If you haven't done the following, please do so (deadline is Friday):

1. Subscribe to his YouTube channel:  http://www.youtube.com/user/repjustinamash

2. Like his Facebook page:  http://www.facebook.com/repjustinamash

3. Follow his Twitter page:  http://twitter.com/repjustinamash

----------


## specsaregood

> Amash is saying the GOP is out in full force trying to help his opponent (Vern Buchanan) win.


where is he saying that?

----------


## tsai3904

> where is he saying that?


Justin Amash ‏@repjustinamash
GOP working overtime to beat me in New Media Challenge. Please RT & follow so I can win for #liberty & #Constitution. @RepRonPaul @Judgenap


If you look at Vern Buchanan's Twitter, a lot of Congressmen have asked their followers to follow him.  Even Herman Cain asked his followers to follow Buchanan.

----------


## tsai3904

Deadline is 5 PM ET Friday.

These are three simple things anyone with these social media accounts can do to help Justin win and get some more spotlight within the GOP.

----------


## tsai3904

Justin Amash ‏@repjustinamash
I'm down ~300 (total) Facebook likes, Twitter follows, and YouTube subscribes to my opponent. Plz RT & follow for #liberty.

----------


## TheState

He met with Peter Schiff today too!

----------


## Spoa

> He met with Peter Schiff today too!


2 great Americans together. Awesome picture...thanks for posting it! I look forward to the day that I can call Peter Schiff...Senator Schiff! For now, I guess the best Connecticut can offer is Senator McMahon or Shays (the worst case scenario is Senator Murphy...booooo!).

----------


## Aratus

Cooooooooooooooooooooooooooooooooooooooooooooooooo  ooooooooooooooooooooooooooool!!!

----------


## tsai3904

bump

----------


## Aratus

its got an hour and 20 minutes to go?

----------


## tsai3904

> its got an hour and 20 minutes to go?


Deadline is Friday at 5 PM ET.  He is currently losing.

----------


## GeorgiaAvenger

http://www.facebook.com/senatormikel...19418838089815

United States Senator Mike Lee 

Rep. Justin Amash is trying to get 30,000 likes on his Facebook page. Please like his page if you haven't already. Also, like and share this post, so more people will see it on Facebook. He is a fighter for Constitutionally limited government, and his Facebook profile is a great resource for following his votes in the House.

----------


## GeorgiaAvenger

Rand has joined Mike!
http://www.facebook.com/SenatorRandP...76972592318198
Senator Rand Paul
I second my friend from Utah's statement; Justin Amash is an integral voice in the fight for liberty and limited government.

----------


## GeorgiaAvenger

Interestingly, somehow the congressman from Michigan has more facebook likes than both Rand and Mike!

----------


## tsai3904

Amash says he's still losing by around 200.
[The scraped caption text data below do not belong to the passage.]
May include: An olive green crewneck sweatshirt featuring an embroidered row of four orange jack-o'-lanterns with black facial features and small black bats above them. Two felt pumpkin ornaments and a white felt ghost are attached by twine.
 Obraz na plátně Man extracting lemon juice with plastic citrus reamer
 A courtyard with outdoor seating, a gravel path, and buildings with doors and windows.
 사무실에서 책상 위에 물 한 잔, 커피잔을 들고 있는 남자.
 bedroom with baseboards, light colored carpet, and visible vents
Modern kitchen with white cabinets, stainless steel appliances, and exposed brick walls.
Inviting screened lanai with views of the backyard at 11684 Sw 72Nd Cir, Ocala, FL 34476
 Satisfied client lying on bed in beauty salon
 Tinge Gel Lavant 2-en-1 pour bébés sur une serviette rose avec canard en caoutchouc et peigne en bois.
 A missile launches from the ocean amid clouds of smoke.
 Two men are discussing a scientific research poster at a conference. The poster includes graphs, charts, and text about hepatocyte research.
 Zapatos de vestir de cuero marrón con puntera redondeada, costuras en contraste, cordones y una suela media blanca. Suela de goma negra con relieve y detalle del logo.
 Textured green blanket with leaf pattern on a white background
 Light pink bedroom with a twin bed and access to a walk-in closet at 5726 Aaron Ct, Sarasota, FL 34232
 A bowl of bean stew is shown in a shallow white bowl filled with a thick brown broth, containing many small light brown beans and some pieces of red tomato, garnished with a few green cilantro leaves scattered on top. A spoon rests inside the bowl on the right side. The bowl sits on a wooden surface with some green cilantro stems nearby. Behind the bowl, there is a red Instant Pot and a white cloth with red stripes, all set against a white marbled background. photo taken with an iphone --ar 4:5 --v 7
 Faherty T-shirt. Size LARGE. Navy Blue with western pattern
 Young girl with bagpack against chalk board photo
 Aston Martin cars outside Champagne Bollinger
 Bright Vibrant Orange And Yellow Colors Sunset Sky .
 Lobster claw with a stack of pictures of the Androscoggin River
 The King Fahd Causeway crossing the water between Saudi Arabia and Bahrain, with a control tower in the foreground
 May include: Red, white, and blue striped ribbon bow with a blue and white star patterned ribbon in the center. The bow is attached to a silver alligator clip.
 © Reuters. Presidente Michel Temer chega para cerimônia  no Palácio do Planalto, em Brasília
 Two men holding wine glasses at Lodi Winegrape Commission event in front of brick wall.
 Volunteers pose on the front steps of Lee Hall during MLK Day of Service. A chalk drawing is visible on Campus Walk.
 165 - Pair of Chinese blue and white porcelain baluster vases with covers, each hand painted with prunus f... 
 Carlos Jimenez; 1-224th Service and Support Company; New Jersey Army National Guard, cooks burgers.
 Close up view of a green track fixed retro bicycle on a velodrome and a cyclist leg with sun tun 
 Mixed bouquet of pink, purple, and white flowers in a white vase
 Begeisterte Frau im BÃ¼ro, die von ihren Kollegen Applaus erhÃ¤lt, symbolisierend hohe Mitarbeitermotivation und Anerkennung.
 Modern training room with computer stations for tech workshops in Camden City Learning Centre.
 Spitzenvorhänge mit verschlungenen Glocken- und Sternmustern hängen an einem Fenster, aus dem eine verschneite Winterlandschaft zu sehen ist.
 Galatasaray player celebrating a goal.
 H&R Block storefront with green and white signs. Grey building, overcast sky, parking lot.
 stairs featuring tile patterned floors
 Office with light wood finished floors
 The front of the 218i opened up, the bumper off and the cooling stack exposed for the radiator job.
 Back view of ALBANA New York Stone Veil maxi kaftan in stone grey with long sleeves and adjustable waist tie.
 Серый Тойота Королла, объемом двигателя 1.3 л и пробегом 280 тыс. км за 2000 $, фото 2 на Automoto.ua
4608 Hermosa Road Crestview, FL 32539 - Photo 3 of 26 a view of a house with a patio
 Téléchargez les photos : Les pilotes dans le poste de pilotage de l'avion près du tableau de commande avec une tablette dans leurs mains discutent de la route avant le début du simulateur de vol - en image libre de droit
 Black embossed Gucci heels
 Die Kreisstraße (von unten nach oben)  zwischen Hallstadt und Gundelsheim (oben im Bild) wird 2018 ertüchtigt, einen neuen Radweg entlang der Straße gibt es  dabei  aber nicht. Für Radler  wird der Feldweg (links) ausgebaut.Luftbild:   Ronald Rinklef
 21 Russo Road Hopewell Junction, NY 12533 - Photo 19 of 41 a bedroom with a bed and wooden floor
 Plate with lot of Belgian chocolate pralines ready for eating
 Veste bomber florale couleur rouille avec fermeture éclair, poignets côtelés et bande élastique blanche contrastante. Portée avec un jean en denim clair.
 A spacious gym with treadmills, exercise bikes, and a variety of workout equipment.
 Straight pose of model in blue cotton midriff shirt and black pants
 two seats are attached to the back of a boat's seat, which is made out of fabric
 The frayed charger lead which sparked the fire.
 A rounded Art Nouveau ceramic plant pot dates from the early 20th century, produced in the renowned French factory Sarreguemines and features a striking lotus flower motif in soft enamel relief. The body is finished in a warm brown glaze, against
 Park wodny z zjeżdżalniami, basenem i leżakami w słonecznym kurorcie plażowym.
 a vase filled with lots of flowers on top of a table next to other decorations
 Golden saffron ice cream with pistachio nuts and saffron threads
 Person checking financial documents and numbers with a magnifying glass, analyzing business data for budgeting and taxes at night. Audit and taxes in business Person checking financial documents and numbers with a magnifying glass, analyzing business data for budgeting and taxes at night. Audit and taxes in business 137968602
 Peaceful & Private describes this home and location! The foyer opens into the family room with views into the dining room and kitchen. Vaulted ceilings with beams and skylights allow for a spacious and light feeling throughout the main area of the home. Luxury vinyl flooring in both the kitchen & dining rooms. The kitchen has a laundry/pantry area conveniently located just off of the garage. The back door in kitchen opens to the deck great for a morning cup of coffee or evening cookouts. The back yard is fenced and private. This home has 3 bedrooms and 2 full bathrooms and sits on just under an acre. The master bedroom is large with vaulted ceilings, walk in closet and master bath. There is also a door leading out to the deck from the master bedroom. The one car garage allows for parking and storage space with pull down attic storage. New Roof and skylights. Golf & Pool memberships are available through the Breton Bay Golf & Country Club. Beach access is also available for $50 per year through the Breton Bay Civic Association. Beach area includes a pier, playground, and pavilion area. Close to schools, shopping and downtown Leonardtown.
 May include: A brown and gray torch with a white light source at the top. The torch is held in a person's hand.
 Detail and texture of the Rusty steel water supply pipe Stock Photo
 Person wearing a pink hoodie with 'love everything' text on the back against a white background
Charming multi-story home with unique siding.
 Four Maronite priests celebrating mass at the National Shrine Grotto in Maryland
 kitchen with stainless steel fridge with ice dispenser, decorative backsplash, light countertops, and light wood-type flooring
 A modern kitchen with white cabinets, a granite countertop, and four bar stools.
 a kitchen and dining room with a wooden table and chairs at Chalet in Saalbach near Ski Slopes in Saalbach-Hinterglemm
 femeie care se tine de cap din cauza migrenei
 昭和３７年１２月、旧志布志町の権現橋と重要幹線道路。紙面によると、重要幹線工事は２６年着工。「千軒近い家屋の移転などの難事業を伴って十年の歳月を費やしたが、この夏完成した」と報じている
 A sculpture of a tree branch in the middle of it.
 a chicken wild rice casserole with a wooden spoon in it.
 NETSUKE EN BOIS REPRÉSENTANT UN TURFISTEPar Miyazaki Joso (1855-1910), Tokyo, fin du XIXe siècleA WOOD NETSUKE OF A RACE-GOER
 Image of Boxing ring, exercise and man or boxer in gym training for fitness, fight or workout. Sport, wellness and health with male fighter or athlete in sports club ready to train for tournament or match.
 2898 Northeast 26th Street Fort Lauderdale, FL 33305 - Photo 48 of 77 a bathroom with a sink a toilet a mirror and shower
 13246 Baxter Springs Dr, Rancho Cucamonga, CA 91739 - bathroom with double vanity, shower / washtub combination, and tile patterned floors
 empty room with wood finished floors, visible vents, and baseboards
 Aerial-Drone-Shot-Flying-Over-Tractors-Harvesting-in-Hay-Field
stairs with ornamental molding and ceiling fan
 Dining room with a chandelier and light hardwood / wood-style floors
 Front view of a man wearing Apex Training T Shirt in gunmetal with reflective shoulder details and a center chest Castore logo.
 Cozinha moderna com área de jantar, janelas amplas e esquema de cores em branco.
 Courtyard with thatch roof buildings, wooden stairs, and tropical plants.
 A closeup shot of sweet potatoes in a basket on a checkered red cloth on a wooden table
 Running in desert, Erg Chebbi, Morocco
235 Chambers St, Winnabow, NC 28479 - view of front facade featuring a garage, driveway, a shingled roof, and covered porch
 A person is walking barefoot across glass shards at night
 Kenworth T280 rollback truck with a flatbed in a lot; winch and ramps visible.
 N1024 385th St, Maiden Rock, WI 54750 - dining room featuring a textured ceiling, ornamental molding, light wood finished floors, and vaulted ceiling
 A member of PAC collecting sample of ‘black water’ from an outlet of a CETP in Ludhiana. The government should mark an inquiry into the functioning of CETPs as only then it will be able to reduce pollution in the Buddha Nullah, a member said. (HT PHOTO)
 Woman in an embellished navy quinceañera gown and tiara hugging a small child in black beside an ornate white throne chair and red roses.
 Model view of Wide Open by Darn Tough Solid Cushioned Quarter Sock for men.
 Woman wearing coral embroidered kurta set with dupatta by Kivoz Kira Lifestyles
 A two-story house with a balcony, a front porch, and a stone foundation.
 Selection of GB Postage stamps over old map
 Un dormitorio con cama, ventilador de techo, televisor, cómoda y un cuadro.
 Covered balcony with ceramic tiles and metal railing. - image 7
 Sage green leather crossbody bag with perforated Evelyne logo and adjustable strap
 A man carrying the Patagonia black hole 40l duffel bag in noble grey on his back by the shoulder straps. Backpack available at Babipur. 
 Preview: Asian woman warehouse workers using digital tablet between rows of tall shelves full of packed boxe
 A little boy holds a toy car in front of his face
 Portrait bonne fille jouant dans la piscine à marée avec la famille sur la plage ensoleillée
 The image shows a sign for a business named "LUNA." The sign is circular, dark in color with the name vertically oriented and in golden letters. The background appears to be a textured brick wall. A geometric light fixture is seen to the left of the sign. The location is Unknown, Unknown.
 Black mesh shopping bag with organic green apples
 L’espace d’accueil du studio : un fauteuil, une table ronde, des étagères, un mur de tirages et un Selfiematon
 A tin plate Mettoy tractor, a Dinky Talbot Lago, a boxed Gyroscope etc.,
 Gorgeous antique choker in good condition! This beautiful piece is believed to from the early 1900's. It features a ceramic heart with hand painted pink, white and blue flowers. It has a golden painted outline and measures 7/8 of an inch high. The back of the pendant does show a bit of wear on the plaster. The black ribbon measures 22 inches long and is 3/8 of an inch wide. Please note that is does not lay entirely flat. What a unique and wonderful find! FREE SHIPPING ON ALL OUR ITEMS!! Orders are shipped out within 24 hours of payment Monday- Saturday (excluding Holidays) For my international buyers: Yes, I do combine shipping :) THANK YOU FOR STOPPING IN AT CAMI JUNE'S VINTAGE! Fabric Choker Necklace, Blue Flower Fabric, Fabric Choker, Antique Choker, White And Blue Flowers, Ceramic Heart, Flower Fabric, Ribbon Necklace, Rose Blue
YouTube subscribers should be the easiest since he has less than 700.

http://www.youtube.com/user/repjustinamash

----------


## GeorgiaAvenger

Jim_Jordan ‏@Jim_Jordan

RT @repjustinamash: Twitter Follower Bomb is on! Will you help me to 10k followers by Friday @ 5 pm to win GOP New Media Challenge? #liberty
Retweeted by Justin Amash

----------


## Aratus

would the hannity interview later tonite be a way for rand to help out justin amash?

----------


## GeorgiaAvenger

> would the hannity interview later tonite be a way for rand to help out justin amash?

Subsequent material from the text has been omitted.